Have you ever told someone that you love them to the moon and back for them? This is your chance to prove it; give them something from the actual moon itself.
One of the world's largest lunar meteorites goes on sale at a private auction at Christie's, a British auction house. On Thursday, the moon rock is valued at 2 million pounds, approximately $2.49 million.
The moon rock, known as NWA 12691, weighs over 13.5 kilograms. The rock was found in the Sahara desert and was thought to be chiseled off the surface of the moon by a collision with an asteroid or comet and then showered down on Earth.
It is believed to be the fifth-largest piece of the moon ever found on Earth. There are about 650 kilograms of moon rock known to be present on Earth.
James Hyslop, Christie's head of science and natural history, says that the experience of holding something coming from another world or galaxy is unforgettable and surreal.
Hyslop described the rock to be about the size of a football, but a little more elongated in shape. He adds that the actual piece of the moon is bigger than a human's head.
Scientists are sure that it came from the moon, after comparing it with moon rock samples brought back by the United States' Apollo space missions to the moon.
Hyslop said that the space Apollo program in the 60s and 70s took back home about 400 kilograms of moon rock. Since then, scientists were able to study the properties and composition of the samples and determined that they are similar to some meteorites.
The Apollo 11 mission carried the first samples from the moon back to Earth. Overall, astronauts collected 22 kilograms of material, including 50 rocks, samples of the lunar soil. The samples obtained contain no water and provide no evidence for living organisms at any time in the moon's history.
Meteorites are very rare, and only about one in a thousand originates from the moon. This adds to the rock's value, said Hyslop. He says that they are expecting tremendous enthusiasm in the moon rock from natural history museums all over the world. He says the moon rock would make an excellent trophy for anyone interested in space history and lunar exploration.

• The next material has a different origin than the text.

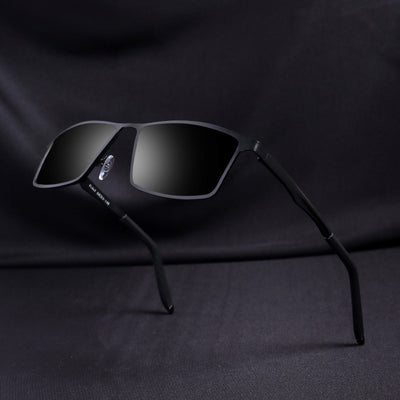 RideX Edition – Black Rectangle Sunglasses | UV400 Polarized | Unisex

Christie's will also offer for private sale a group of 13 aesthetic iron meteorites. The collection is estimated to be worth 1.4 million pounds or 1.7 million dollars.
Rocks For Fortune
Most people splurge on cars, houses, and gadgets, while some binge on their hobbies. Steve Jurvetson from California is a space enthusiast and collects space rocks, mainly Martian rocks that fell on Earth. He says that holding a piece of Mars in your hands is genuinely moving.
Displayed in his office is a textured, brownish-red rock, discovered in the Dar al Gani desert in Libya in 1999, which crystalized 180 million years ago. His prized possession is the second-largest Mars rock ever to be held by human hands. He declines to disclose how much he paid for the stone, but hints that it 'cost more than his first house.'
Jurvetson purchased his Mars rock from 44-year-old, Michael Farmer. Farmer is a professional meteorite hunter and has traveled to almost 80 countries tracking space rocks.
According to Farmer, his job comes with a lot of hazards. Since he started, he's been kidnapped, beaten, and almost left to die by thieves in Kenya. He has also been charged with illegal mining in Oman and put behind bars for two months.
He says he does it not only for monetary reasons, but the also finds the thrill of his job pretty rewarding. His best find yet is an almost 120-pound meteorite discovered in Canada. He claims that he and his partners sold it to the Royal Ontario Museum in Toronto for $600,000.